X-UTF-32BE-BOM		X-UTF-32BE-BOM	Unicode 32-bit big ended, with a BOM definitely present.
X-UTF-32LE-BOM		X-UTF-32LE-BOM	Unicode 32-bit little ended, with a BOM definitely present.
x-windows-50220		x-windows-50220	Japanese Hiragana
x-windows-50221		x-windows-50221	Multilingual, Russian, Japanese, Greek
x-windows-874		x-windows-874	Windows Thai
x-windows-949		x-windows-949	Windows Korean
x-windows-950		x-windows-950	Windows Traditional Chinese

Where two fonts are shows separated by a /, the second one is the new version including the euro symbol. Adam Dingle did the research on how these encodings work.

Many new encodings were added in Java 1.4.1 and some were dropped. This list contains even the dropped items. Before you use an encoding, make sure it is supported by your version of Java.

Note that what Java and the HTML 4.0 specification call a character encoding is actually called a character set at IANA (Internet Assigned Numbers Authority) and in the HTTP (Hypertext Transfer Protocol) proposed standard.

I would like to do some experiments to find out for sure what happens with BOMs (Byte Order Marks) in various encodings. I discovered that native2ascii would not work with an BOM until I used x-UTF-16LE-BOM encoding.

Why So Many Encodings?

You may wonder why there are so many encodings, or why there are any at all. The reason is historical chaos. In the beginning, computers used a 4-channel, 16 possible characters, paper tape, allowing for only the hexadecimal characters 0..9 and A..F. To allow for alphabetic messages, not just numbers, two more channels of holes on the paper tape were added. This 6-bit, 64-character encoding allows digits, upper case A..Z and some punctuation. Every university or major computer installation invented its own code, allowing for the punctuations and symbols of most local importance.

Universities started exchanging programs and data on magnetic type. The 7-bit, 128-character ASCII code was invented to allow for a common character set and encoding.
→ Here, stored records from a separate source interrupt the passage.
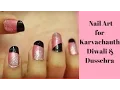 Super Easy Pink Nail Art Design For Any Occasion
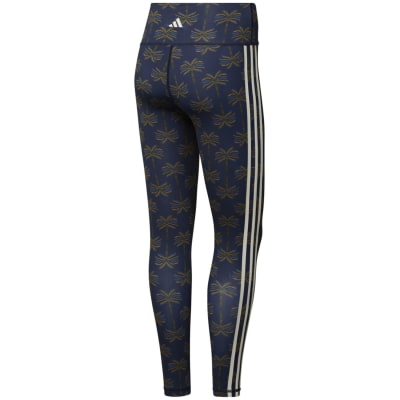 Adidas x Farm Rio 7/8- Damen Tights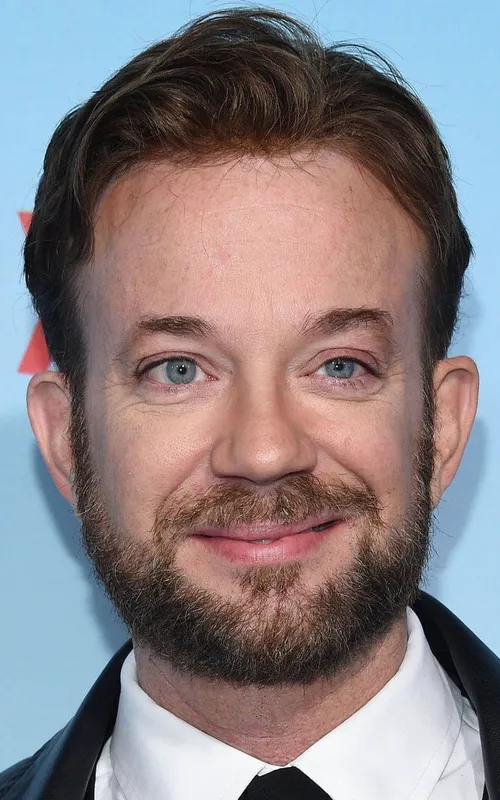 Sam Pancake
It allowed for both upper and lower case and a reasonably rich set of punctuation.

About that time, computers started to standardise on the 8-bit byte. Every national group then expanded the code to 8-bits, giving them 256 possible characters. They filled the extra slots with various accented letters, nationally important symbols and letters from non-Roman alphabets. The Chinese had a difficult problem. They needed thousands of symbols, not just 256 offered by 8-bit codes. So they invented various multi-byte encodings and 16-bit encodings. IBM invented EBCDIC, its own proprietary sets of codes to help lock customers into its equipment. There was very little document sharing, so the fact every country had its own way of encoding data and sometimes dozens of ways, caused little trouble.

To allow for exchange, especially on the Internet, 16-bit, 4096-character Unicode was invented. Surely this would be sufficient to handle all of earth’s languages! It had one big drawback. At least for English, its files were twice as fat as the old 8-bit encodings. The world was not prepared to abandon their hundreds of encodings, even for new files. Not only where they firmly entrenched in email, they were burned into hardware, such as printers and modems. Java needed tables called encodings to translate scores of these 8-bit encoding into Unicode. Java’s Readers and Writers automatically handle the translations.

Then UTF-8 was invented to give the benefit of compact 8-bit encoding, with the full 16-bit Unicode character set.

Then scholars complained that Unicode did not handle various dead languages and obscure musical notation. So Unicode was extended to 32 bits to shut them up. Java half-heartedly supports this with code points.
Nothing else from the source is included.